Our testing setup: Using Olric embedded mode, 3 pods each with 4GB and 2 CPU.

config.New("lan") ReplicaCount = 2 ReplicationMode = AsyncReplicationMode LRU: DMaps.MaxKeys = 1_000_000 DMaps.MaxInuse = 1_000_000_000 BootstrapTimeout = 2 * time.Minute All others are default setting

Running 1000 QPS. Each is the sequence: Write, wait 10ms, then read. Each key-value pair is key UUID and value random 16 bytes, so total 32 bytes.

buraksezer commented 1 month ago

Possibly, there is an issue with your setup: the peer discovery code doesn't work properly. It may propagate non-existing nodes or fail to remove failed nodes from the member list.

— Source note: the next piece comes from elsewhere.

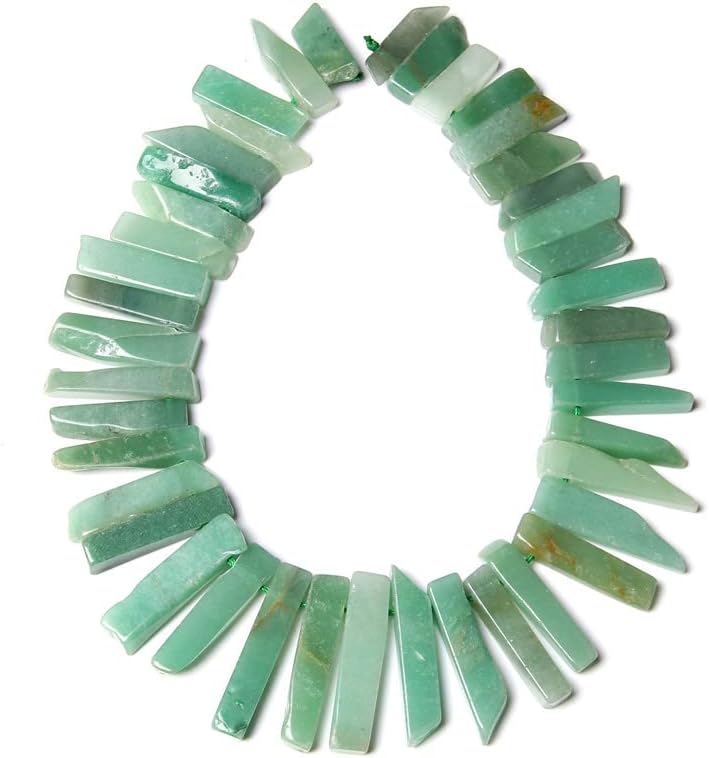 Natural Crystal Stone, Natural Quartzs Crystal Stick Point Beads Natural Stone Top Drilled Stick Beads for Jewelry Making(Black Agate,About 15 inch)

I think there is no problem with the lock usage. These parts of the code are carefully written, reviewed, and tested over time.

Regarding the error messages, Olric is a highly concurrent system. It has many goroutines that process some data concurrently. Some of these components are not synced. Because it is not necessary. A goroutine may try to do something; if it fails, it logs the problem and continues working as usual. The error logging may be noisy sometimes. I accept that.

As I said before, the problem might be in the peer discovery code. Is it possible to share it?